What's more, her recipes are organized by month, featuring seasonal produce with a Kentucky-centric mentality. But this book is not just for Kentuckians. Anyone with a love of delicious, unfussy, wholesome food will benefit from this cookbook. I also have to say that this book is a refreshing example of moderation. As a registered dietician, Maggie understands not only the importance of whole foods, but also that pleasure and the occasional indulgence are part of a balanced diet and a healthy mentality. This book invites you to gather your family around the table and enjoy the pleasures and benefits of home-cooked meals. I highly recommend it.
We are both Registered Dietitians and, although we reside in NC, we will treasure this cookbook! We have really enjoyed using our home-grown parsley for the "Lentil Soup with Red Wine and Parsley" recipe. The kids enjoy it too!
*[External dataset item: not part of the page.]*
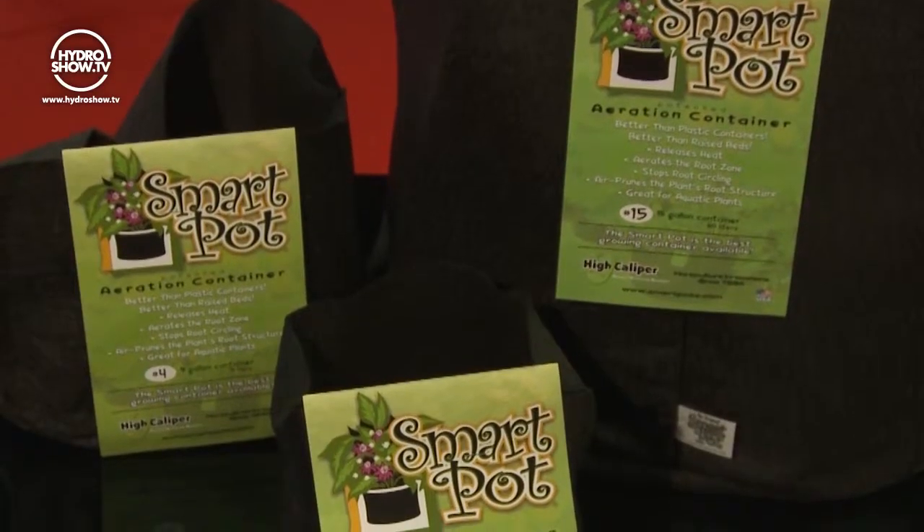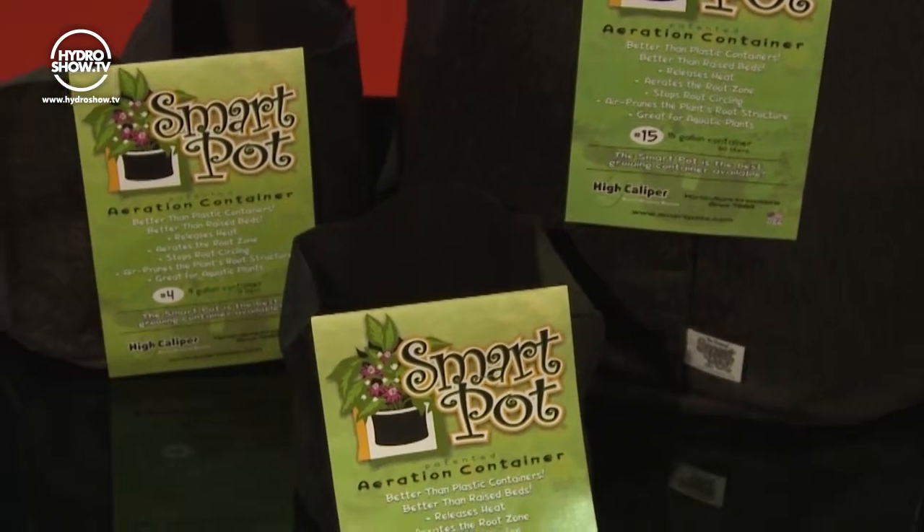Going back to the healthy root system — why do we need a healthy root system? A healthy root system brings many, many advantages that we don't have with a circling, spiralizing root system. When you have a healthy root system, you're going to get much more assimilation of the nutrients, the fertilizer, the compost if you're working in an organic way. Oxygen makes available every molecule in the soil for the plants, and everybody knows that a healthy root system brings more crop, more results, and a healthier plant.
Maggie says, "Never has there been a greater call to unleash the potential of our kitchens and make them places of action, places where families cook, eat and live together, one meal at a time". We could not agree more. When meals are cooked at home and shared together, we eat healthier and we strengthen our family bonds. Preparing and eating more meals at home is part of the solution to our country's growing obesity and diabetes epidemic.
John & Angie Lamberson
Registered Dietitians & Certified Diabetes Educators
Nutrition Pair, LLC
Already, my wife and I have tried two recipes from the book. We greatly enjoyed "Shaker Pumpkin Muffins" and "Sweet Potato Vegetable Soup." Other recipes for us to try include "Winter Wheat Berry Salad," "Kentucky Cornbread Strata," and "Butternut Squash and Chickpea Stew." Based on the two recipes we've tried and our successes with them, I highly recommend this cookbook to others.